Mais disons, pour abonder dans le sens de cette doxa, que nous sommes effectivement dans de beaux draps. Cela arrive dans l'histoire des peuples. Et il peut être intéressant, à partir de là, de voir comment d'autres que nous se sont tirés d'affaire en pareille situation apparemment inextricable. Il ne s'agit pas forcément de suivre leurs pas à la trace, mais simplement de sonder des options, pour ainsi dire.
Je sais par ailleurs qu'il n'est pas de bon ton de chercher à prendre exemple sur les sociétés anciennes. C'est contraire à notre conception de la modernité, qui nous enjoint sans cesse de ressembler à nos voisins du nord, dans tous ce que nous faisons. Mais cette façon de se priver de la sagesse de nos prédécesseurs, qui est une sorte de "salafisme" à l'envers, ne fait pas partie de nos a priori méthodologiques. Et nous pensons modestement que sa légitimité est faible.
Ce que faisaient les sociétés anciennes, ou en tout cas nombre d'entre elles, quand le ciel s'assombrissait au-dessus de leurs têtes, c'est qu'elles déléguaient un de leurs membres afin qu'il se rende auprès d'un sage ermite et qu'il lui demande ce qui pouvait avoir causé cette situation désastreuse.

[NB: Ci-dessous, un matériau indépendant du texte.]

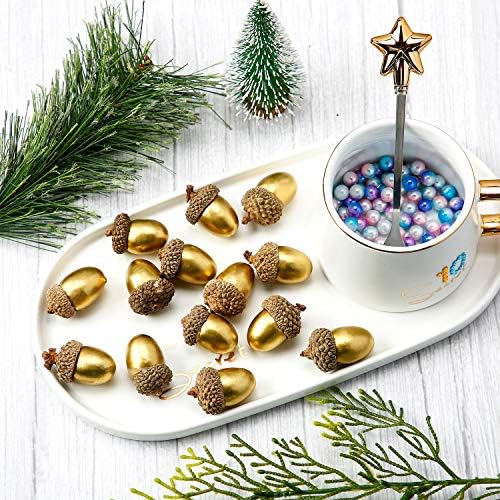 Pangda 60 Pack Artificial Acorns Decorative with Cap for Crafts, Gold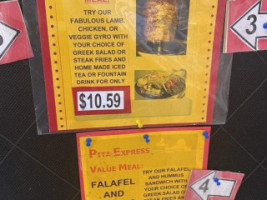 Pita Express menu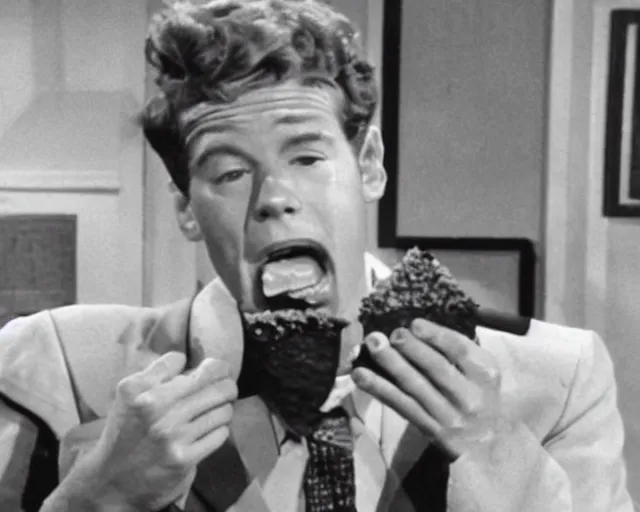 Prompt: Wally Cleaver eating a Choco Taco on Leave It To Beaver, black and white television still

Généralement, on pensait qu'une faute avait pu être commise envers les dieux qui était restée inaperçue. Et que le sage, qui ne souffre pas des mêmes angles morts que le peuple dans sa perception des choses, avait en ce qui le concerne cette clairvoyance qui permet d'identifier le mal. Grâce à quoi, la nature de ce dernier étant enfin connue, il devenait possible de le réparer et ainsi de rétablir l'harmonie dans la cité, voire dans le cosmos.

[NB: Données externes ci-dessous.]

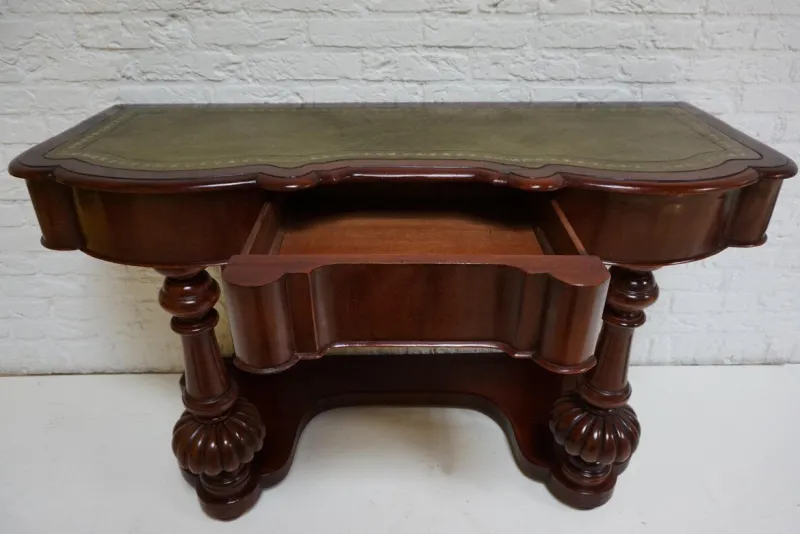 Pamono Biedermeier Mahogany Wall Console Table or Desk with Leather Inlay Top and Drawer> Console Tables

Ces croyances et superstitions témoignaient bien sûr d'un esprit crédule, d'une pensée "pré-critique" comme disent nos spécialistes avisés, mais elles avaient le pouvoir de donner aux peuples de la ressource, et de mettre leur imagination au service de solutions qui, une fois qu'elles avaient mobilisé autour d'elles la volonté des uns et des autres, ne pouvaient que déboucher sur une issue salutaire.

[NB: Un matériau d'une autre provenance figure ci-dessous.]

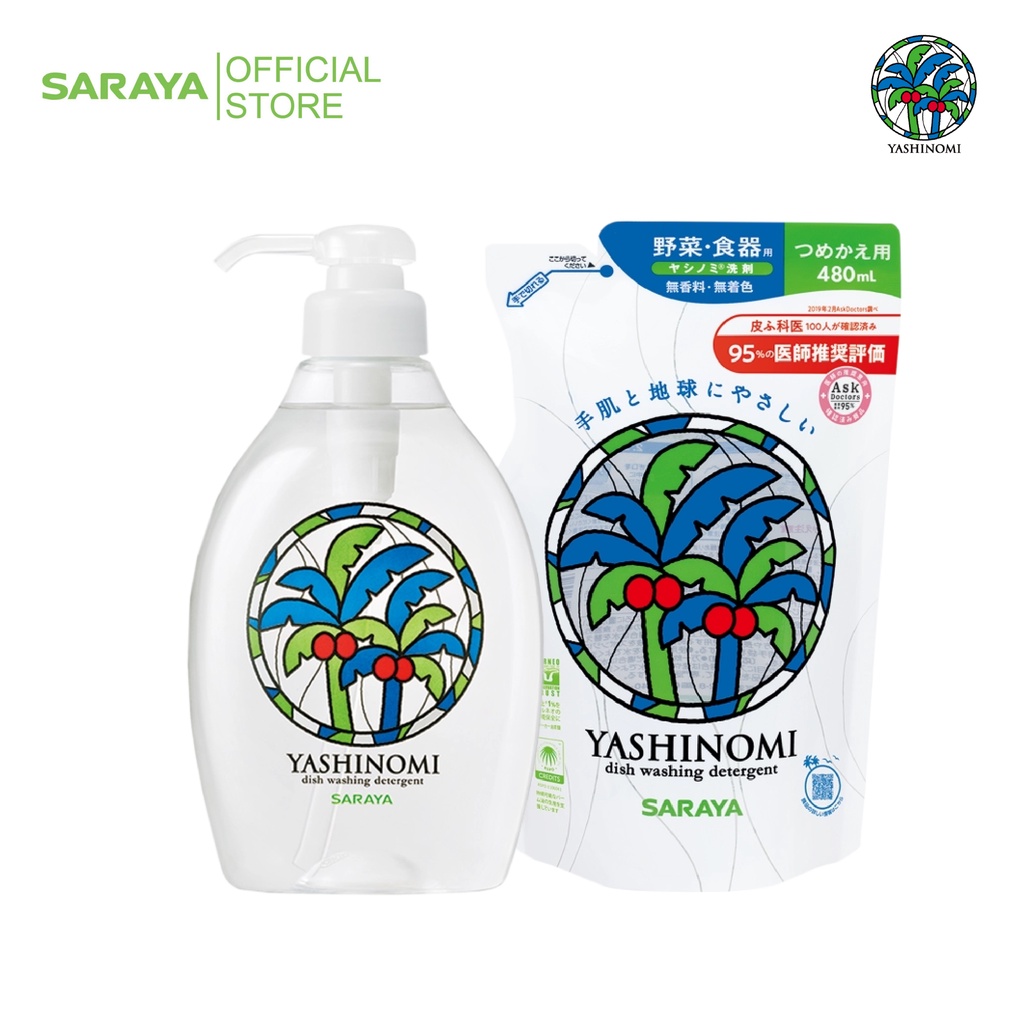 Combo nước rửa rau củ quả/chén bát Yashinomi chai 500ml và túi 480ml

Aujourd'hui, il paraît difficile de recourir à ce type d'expédient. Mais nous pouvons malgré tout nous prêter au jeu. Et imaginer, dans l'une de nos montagnes reculées, un vénérable personnage, menant une vie paisible à l'écart des hommes et de leur agitation, à qui on poserait la question suivante : pourquoi l'inquiétude croît-elle parmi nous ? Pourquoi la haine s'est-elle installée entre nous ? Pourquoi le bonheur de vivre et d'agir ensemble nous a-t-il fui ?
Alors le sage, après nous avoir regardé dans les yeux un moment, de sa voix douce prendrait la parole, et dirait ce qu'il dirait. Et nous l'écouterions. Puis, ayant terminé son propos, il nous regarderait à nouveau, un sourire aux lèvres. Et nous comprendrions que ce qui devait être dit l'a été. Et nous reprendrions le chemin du retour, en méditant la façon de transmettre le message.
En nous faisant peut-être cette réflexion que ce qui est en question relève en quelque sorte d'une évidence, mais de ces évidences qui sont les plus difficiles à accepter, tant les esprits se sont accoutumés à occulter au lieu de saisir... Mais quelle faute a-t-elle bien pu être commise que seul le sage a eu la perspicacité d'entrevoir ? Voilà sur quoi roule parfois ma pensée.